Those who cherish the feel of flannel close to their skin will take comfort in expressions like “all or substantially all”; “in whole or in part”, “one or more”; “unless otherwise agreed” . These expressions betray the fear that a judge reading your prose will take a perversely literal view, and construe your words deliberately to upset you; as the Latins say, “contra proferentem”.
But the law of the land is not there to frustrate honest commercial intentions. A court will only do that if a contracting merchant’s intentions are base (as, to be sure, many will be if the opportunity arises: Adam Smith had some choice things to say about that). A fellow who exploits his counterparty’s vulnerability or patent misapprehension can expect to find the awesome creative weight of the common law – estoppel, constructive trust; money had and received, assumpsit – incanted against him. Expect him to have a fully weaponised litigation department.
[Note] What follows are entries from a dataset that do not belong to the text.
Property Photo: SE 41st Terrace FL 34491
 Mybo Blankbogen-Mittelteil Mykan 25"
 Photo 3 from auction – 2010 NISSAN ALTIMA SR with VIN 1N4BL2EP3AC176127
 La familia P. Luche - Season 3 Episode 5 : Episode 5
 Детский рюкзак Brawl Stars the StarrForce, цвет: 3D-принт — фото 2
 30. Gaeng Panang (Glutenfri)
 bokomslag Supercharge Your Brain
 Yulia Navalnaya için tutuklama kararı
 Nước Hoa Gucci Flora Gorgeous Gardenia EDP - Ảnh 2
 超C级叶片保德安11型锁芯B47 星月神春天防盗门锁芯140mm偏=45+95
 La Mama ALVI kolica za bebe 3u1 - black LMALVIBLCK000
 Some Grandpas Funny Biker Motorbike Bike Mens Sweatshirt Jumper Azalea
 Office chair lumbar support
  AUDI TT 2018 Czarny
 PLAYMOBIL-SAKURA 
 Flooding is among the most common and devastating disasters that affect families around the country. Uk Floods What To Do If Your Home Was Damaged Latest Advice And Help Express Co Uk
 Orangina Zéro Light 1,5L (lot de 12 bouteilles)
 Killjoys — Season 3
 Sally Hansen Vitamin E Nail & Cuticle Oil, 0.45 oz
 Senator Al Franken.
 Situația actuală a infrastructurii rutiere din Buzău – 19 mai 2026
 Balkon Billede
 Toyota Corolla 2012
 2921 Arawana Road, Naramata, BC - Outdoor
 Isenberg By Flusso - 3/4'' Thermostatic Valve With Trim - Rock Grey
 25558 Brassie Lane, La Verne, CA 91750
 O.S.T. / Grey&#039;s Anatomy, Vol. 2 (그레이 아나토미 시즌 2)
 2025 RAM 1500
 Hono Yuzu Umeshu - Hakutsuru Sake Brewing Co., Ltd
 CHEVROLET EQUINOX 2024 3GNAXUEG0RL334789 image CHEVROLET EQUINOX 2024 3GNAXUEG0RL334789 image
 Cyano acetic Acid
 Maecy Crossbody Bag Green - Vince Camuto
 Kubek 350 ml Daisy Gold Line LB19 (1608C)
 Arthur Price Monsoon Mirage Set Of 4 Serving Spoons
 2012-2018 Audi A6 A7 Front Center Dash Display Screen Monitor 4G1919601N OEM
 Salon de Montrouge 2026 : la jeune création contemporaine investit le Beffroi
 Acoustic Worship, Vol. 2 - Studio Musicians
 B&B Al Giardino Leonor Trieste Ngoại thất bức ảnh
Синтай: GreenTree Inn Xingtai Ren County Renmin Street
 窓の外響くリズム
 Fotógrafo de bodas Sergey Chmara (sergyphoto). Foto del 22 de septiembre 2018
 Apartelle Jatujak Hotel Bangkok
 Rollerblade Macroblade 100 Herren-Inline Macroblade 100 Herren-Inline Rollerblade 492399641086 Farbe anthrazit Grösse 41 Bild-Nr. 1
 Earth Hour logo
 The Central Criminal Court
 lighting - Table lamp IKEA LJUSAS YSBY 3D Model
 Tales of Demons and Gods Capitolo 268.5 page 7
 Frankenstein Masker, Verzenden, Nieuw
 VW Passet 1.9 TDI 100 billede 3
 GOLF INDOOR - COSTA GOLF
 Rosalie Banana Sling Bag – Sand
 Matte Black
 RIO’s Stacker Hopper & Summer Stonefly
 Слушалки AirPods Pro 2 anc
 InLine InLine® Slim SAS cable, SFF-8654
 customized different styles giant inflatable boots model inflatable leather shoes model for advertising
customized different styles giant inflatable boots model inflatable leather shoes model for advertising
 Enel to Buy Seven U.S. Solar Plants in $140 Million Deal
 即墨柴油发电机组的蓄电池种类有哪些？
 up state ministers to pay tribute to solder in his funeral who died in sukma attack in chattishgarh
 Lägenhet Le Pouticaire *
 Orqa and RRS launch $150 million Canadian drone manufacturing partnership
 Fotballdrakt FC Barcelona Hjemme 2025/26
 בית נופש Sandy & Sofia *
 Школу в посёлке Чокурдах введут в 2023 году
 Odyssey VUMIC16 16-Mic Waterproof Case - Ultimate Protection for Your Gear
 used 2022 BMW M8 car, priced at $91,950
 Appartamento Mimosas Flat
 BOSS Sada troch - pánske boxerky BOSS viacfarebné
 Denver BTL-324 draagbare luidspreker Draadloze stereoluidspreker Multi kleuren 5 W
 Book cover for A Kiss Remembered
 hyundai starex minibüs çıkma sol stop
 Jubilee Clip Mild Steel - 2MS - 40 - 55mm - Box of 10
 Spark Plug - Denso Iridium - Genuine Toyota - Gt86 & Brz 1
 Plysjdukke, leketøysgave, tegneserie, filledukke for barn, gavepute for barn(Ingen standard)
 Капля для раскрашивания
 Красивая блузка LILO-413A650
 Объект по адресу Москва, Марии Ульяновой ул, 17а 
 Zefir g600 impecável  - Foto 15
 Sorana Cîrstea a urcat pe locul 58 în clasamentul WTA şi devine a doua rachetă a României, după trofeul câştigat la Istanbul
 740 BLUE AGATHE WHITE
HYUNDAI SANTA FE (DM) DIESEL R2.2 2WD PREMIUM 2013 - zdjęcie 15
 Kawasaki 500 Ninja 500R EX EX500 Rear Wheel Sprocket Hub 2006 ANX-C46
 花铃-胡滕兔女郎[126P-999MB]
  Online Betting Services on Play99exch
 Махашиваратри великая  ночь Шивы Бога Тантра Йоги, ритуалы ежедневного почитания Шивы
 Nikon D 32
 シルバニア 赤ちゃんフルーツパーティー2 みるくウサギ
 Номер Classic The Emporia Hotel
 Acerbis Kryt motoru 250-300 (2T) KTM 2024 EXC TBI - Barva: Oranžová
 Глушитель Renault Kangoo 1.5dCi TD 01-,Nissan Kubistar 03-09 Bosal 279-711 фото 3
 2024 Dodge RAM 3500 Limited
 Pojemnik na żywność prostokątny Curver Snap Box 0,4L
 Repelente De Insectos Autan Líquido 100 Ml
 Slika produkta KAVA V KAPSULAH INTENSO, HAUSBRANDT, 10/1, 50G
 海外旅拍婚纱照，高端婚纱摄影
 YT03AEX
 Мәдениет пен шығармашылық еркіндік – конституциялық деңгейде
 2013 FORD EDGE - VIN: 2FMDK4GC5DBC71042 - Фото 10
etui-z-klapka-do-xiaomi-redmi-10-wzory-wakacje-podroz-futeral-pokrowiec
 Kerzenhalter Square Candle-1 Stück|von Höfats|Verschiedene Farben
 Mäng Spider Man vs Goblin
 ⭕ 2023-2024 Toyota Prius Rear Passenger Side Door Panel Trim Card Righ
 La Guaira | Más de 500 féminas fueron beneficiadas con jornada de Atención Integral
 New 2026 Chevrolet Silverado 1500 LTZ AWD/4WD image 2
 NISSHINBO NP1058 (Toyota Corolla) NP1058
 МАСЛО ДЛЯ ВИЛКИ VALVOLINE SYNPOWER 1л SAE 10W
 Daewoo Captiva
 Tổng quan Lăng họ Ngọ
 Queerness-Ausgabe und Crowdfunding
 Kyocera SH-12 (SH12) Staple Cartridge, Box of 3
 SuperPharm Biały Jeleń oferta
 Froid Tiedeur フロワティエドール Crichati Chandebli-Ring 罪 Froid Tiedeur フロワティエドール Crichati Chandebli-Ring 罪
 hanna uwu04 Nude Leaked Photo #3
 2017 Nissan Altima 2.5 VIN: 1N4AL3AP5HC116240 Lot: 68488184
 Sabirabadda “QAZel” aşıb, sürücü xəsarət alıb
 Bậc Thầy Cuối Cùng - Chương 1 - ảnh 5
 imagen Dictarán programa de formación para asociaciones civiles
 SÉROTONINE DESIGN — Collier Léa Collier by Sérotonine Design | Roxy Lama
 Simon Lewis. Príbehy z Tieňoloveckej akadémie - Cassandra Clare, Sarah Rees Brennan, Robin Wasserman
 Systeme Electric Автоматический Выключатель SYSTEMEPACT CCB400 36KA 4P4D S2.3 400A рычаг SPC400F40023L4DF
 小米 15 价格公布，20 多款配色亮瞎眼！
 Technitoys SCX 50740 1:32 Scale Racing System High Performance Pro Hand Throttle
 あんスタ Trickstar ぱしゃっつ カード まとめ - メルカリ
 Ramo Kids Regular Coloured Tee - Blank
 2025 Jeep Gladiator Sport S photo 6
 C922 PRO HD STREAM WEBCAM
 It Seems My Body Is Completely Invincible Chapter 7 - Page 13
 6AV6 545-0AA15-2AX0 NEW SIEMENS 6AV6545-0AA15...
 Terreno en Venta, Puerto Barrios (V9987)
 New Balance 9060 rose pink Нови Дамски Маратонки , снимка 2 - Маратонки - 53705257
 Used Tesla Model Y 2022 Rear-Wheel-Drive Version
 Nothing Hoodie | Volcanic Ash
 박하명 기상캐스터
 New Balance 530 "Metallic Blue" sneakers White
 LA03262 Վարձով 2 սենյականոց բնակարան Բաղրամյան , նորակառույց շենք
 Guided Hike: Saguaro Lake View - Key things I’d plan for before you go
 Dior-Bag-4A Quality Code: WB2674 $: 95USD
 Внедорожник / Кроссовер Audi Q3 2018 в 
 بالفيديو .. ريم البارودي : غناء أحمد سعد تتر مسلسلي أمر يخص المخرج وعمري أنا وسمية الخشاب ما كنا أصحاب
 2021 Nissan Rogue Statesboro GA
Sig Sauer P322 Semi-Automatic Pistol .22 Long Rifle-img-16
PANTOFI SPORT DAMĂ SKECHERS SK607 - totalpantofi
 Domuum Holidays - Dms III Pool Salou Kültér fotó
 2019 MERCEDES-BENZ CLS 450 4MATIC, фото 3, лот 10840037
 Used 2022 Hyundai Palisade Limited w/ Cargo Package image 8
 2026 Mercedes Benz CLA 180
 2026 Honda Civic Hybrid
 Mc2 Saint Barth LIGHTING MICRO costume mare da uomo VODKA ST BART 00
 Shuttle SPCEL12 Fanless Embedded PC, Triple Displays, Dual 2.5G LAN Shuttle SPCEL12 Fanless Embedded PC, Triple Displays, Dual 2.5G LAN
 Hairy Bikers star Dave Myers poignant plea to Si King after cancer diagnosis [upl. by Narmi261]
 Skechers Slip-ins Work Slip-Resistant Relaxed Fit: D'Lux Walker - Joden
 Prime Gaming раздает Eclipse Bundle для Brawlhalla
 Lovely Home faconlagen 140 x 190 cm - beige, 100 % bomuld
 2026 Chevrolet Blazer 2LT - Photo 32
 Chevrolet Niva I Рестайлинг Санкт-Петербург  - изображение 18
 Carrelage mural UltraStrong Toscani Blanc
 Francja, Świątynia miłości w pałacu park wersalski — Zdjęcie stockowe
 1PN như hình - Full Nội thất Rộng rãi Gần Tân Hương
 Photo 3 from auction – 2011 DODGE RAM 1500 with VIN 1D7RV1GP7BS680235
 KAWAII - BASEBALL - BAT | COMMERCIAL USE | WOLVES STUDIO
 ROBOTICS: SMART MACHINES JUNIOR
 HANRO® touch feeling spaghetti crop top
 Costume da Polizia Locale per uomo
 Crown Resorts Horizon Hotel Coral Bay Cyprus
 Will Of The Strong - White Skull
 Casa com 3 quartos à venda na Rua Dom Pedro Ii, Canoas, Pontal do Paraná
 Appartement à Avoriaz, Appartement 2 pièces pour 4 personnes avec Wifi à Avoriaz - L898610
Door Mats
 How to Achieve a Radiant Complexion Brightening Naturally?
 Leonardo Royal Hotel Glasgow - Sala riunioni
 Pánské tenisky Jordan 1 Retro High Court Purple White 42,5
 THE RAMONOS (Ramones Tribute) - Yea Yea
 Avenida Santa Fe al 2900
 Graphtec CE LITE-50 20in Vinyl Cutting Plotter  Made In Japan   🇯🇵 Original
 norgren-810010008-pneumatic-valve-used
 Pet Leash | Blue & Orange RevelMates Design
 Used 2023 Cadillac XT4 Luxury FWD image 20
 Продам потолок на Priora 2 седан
If that’s your caper, don’t expect words on paper, however exquisitely turned, to help you.
But if it isn’t – if you act in good faith, reasonably, loving your neighbour as you love yourself; doing unto others only what you would have them do to you – you have little to fear from a literal construction. The common law is your friend.
The Latin maxim – anus matronae parvae malas leges faciunt (“little old ladies make bad law”), even though I made it up, may be the final, deepest foundation of the law of equity. It has a converse expression, also home made and converted into Latin to make it sound plausible: noli mentula esse: don’t be a penis. Be clear about what you want, be a good egg and you have little to fear from her majesty’s judiciary. Bonum ovum esse, you know?
It is true that common law formulated in the service of wronged spinsters presents later courts who are bound by it with hefty intellectual challenges, but no self respecting judge shies away from those – they’re what she took the oath for in the first place.